Vova Nova was an American funk rock band from Birmingham, Alabama, originally formed as Forecast in 1978. Its two founding members were Glen Butts and Libba Walker; Mark Lanter joined the band as its drummer in 1980, and Milton Davis followed as bassist in 1984. By the late 1980s, the band had changed its name to the Cast, and in 1991, they signed with Chameleon Records, which was taken over by Elektra Records the following year. The band subsequently changed their name to Vova Nova at the insistence of their publisher. They released one album as Vova Nova on Chameleon in 1992; the self-titled album was produced by Paul Ebersold. Their later musical style was notably influenced by the music of the Red Hot Chili Peppers. After releasing Vova Nova, the band's record deal ended, whereupon they renamed themselves "the Cast" again. Soon afterward, Davis left the band because he had written I Know, a song performed by Dionne Farris, and Lanter soon followed suit.
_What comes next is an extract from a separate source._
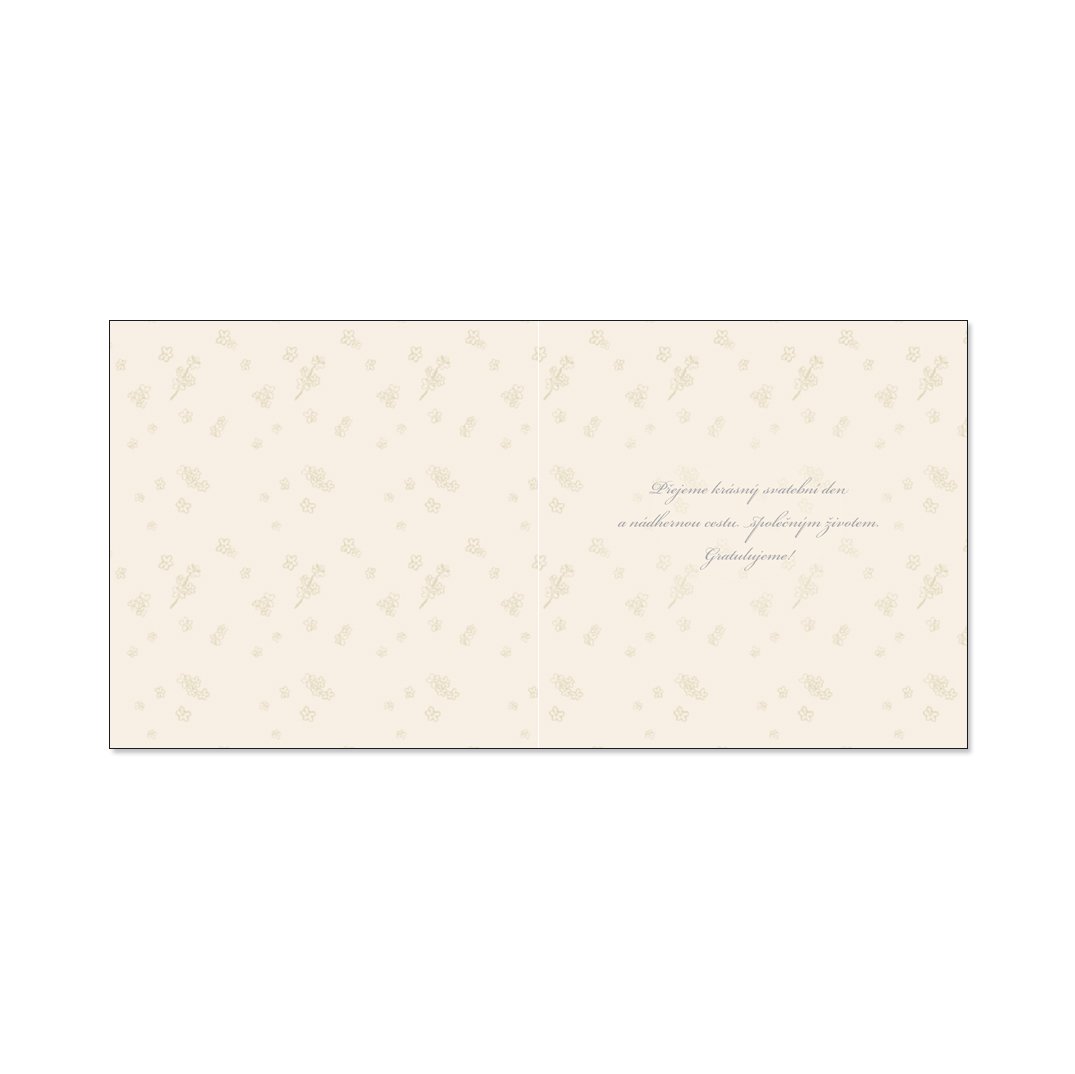 3D svatební přání Me To You Albi - Obrázek 2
In 1993, Lanter was replaced by the band's new drummer, Leif Bondarenko, and the band continued to play into the mid-1990s.

== Reception ==
A 1990 Spin story described Vova Nova as "probably Birmingham's best" band. Robert Christgau reviewed their self-titled 1992 album unfavorably, giving it a "neither" rating. In a 1992 review of one of the band's performances in the Times-Picayune, Scott Aignes wrote that "At first blush, Vova Nova sounds like Godflesh imitating the Red Hot Chili Peppers imitating Heart. But the tightness and exuberance of their sound makes this more than just another funk-metal-pop mishmash."